The supervisor’s post is being advertised for an annual salary of $75,000, with applications due by April 14.

Challenges at GHS

With any retirement or resignation, Wiles said, there are three options: post ads and hire from outside, reorganize or hire from within, or make a temporary appointment while examining options.

“It’s important to go through a process to see who is in the pool,” said Wiles. “We need to evaluate our needs and expectations and find someone who fits.” She noted that candidates could come from inside the district as well as outside.

Since there have been so many turnovers in leadership at the high school in recent years, Wiles said, “It is not in the best interest of the school to have another change followed by another one.”

The high school hasn’t had a long-term principal since John Whipple retired in 2003 after 14 years. He was replaced by Ismael Villafane who left after two years to return to Texas where he had spent decades as an educator. Frank Tedesco, a retired administrator filled in until Michael Piccirillo was appointed in the fall of 2006. He left after 20 months to work as an assistant superintendent at Saratoga Springs.

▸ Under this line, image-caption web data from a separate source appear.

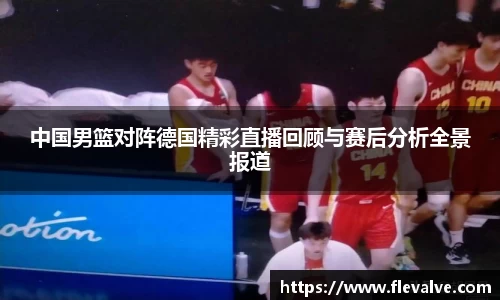 中国男篮对阵德国精彩直播回顾与赛后分析全景报道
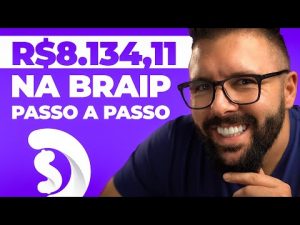 Leia mais sobre o artigo BRAIP PARA INICIANTES, PASSO A PASSO PARA GANHAR 11 254,17 POR MÊS NA BRAIP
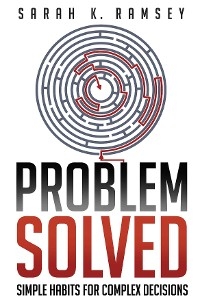 Problem Solved -  Sarah K. Ramsey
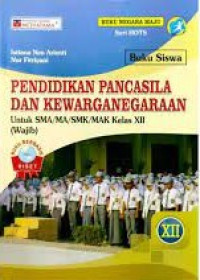Image of Pendidikan Pancasila dan Kewarganegaraan SMA/MA/SMK/MAK Kelas XII Kelompok Wajib Buku Negara Maju Seri HOTS
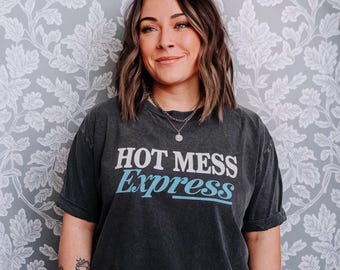 Hot Mess Express Shirt, Funny Mom Life Tee, Sarcastic Wife Gift, Oversized Tshirt For Women, Cute Gift For New Parents, Tired Mom Shirt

Harry Kachadurian, another retired administrator, filled in until Michael Paolino, who had worked at Voorheesville, became principal in the fall of 2007. Paolino was placed on administrative leave in July of 2008 while the district investigated complaints of harassment; he later resigned.

When Paolino was placed on leave, McCann, who had been an assistant principal at Guilderland for 17 years, was named acting principal. In April 2009, McCann, at age 55, was named principal with a salary of $118,275.

McCann said at the time that stability was needed at the high school. The school was in “troubled times,” as McCann put it, when he was appointed acting principal. He was referring not just to Paolino’s resignation but also to the protests that had rocked the district over the summer of 2008 as two high-school social-studies teachers — Matthew Nelligan and Ann Marie McManus — rallied students to protest their transfer to the middle school.

After a young gay teacher had complained of harassment, the district hired a consultant; she issued a report describing a hostile work environment in the social-studies department. Later, teachers said the complainant himself behaved inappropriately.

The school board, in a 7-to-2 vote, decided not to review the superintendent’s decision to transfer the teachers. The superintendent at the time, John McGuire, maintained it was not a punishment but rather a chance to give the social-studies department a new lease on life.

Nelligan, who said he was targeted for his conservative views, resigned the first week of teaching at the middle school to work for the state senate. McManus taught at the middle school for a year and then transferred back to the high school.

“We were in trouble last summer,” McCann said in 2009 but, he said, although “some people still carry the scars,” the leadership team and staff not only repaired the damage but pushed forward.

“Big job”

“This is a very big job,” Wiles said of the high-school principal’s post, which oversees 1,800 students, 130 teachers, and 300 course offerings. The argument could be made, she said, that the high school principal is the most important person in the district.

“Forget the superintendent,” said Wiles. “Only the high-school principal can award credit…We owe it to our students and community to find the best person.”

The position has been posted with a salary of $105,000 to $115,000.

McCann’s salary, she said, was “$130-ish with benefits on top.” Wiles said she didn’t know the amount of his pension. “As a retiree, we’d continue his health coverage,” she said.

Applications will be accepted until shortly after the school break in April, Wiles said. A committee of “stakeholders” will interview candidates in early May. “We will be inclusive,” she said, noting that, in addition to board members and administrators, teachers, staff, and community members will be part of the interview process.

“We want someone on board early in the summer to give him or her the opportunity to plan,” said Wiles.

She concluded, “The point I want to drive home is that I am not unaware of folks in the community having concerns about administrative leadership….I do get it and will look at it almost immediately. But the two positions up now are not ones we can easily re-organize around.”